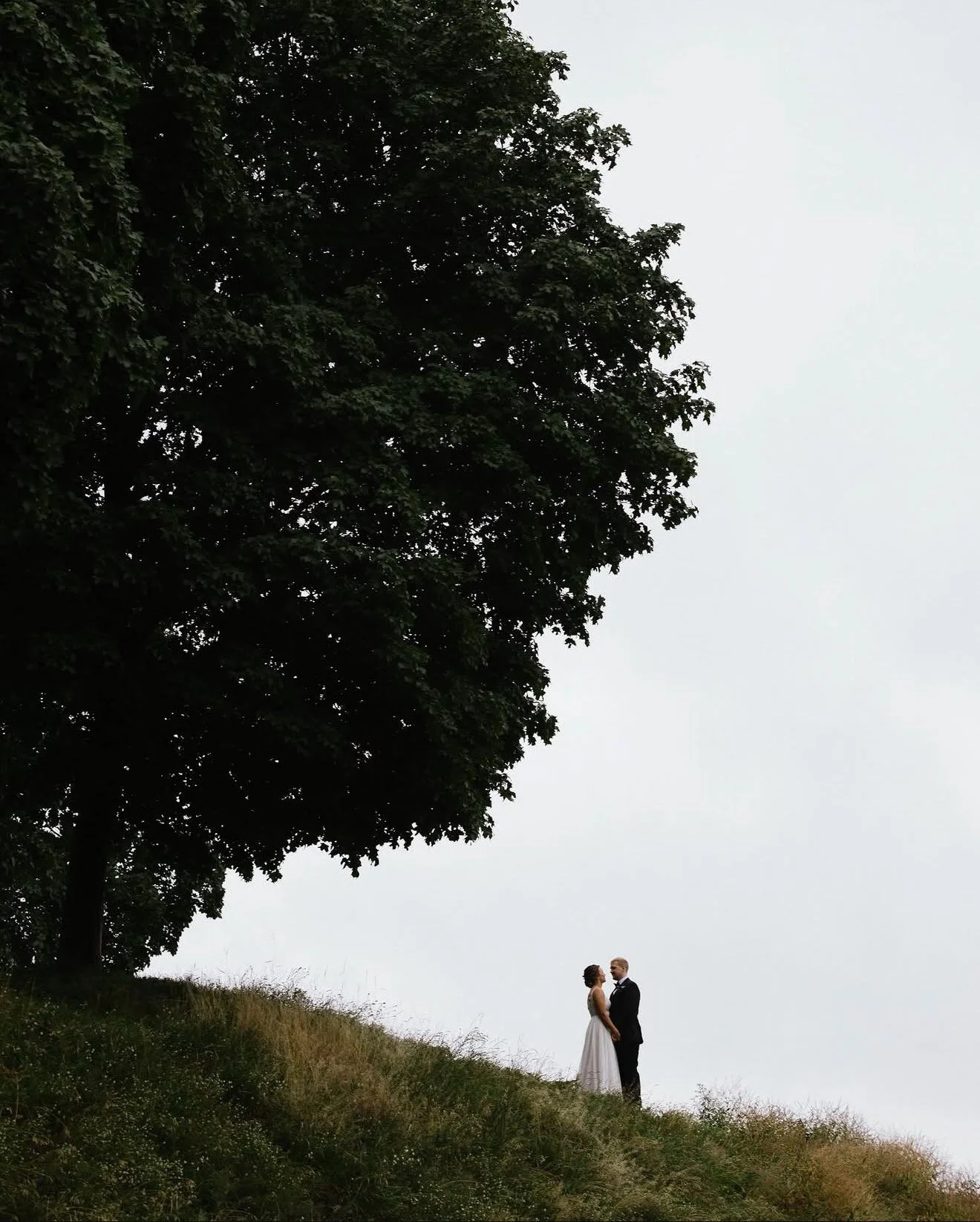 A bride and groom standing on a grassy hill under a large leafy tree, with a cloudy sky in the background.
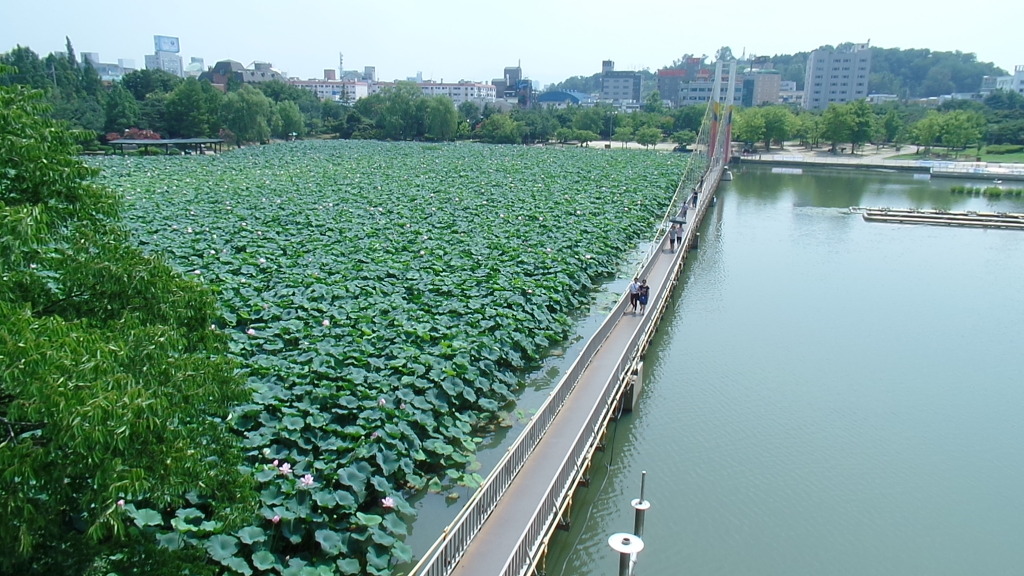 데이트 코스로 유명한 전주 덕진공원 예쁜 연꽃 풍경 | 인스티즈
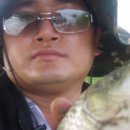 아름다운 그님 이미지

|---|

The response must match the listing exactly, except that pictures are removed.

◆ Response area ◆
 A bride and groom standing on a grassy hill under a large leafy tree, with a cloudy sky in the background.
 데이트 코스로 유명한 전주 덕진공원 예쁜 연꽃 풍경 | 인스티즈
 아름다운 그님 이미지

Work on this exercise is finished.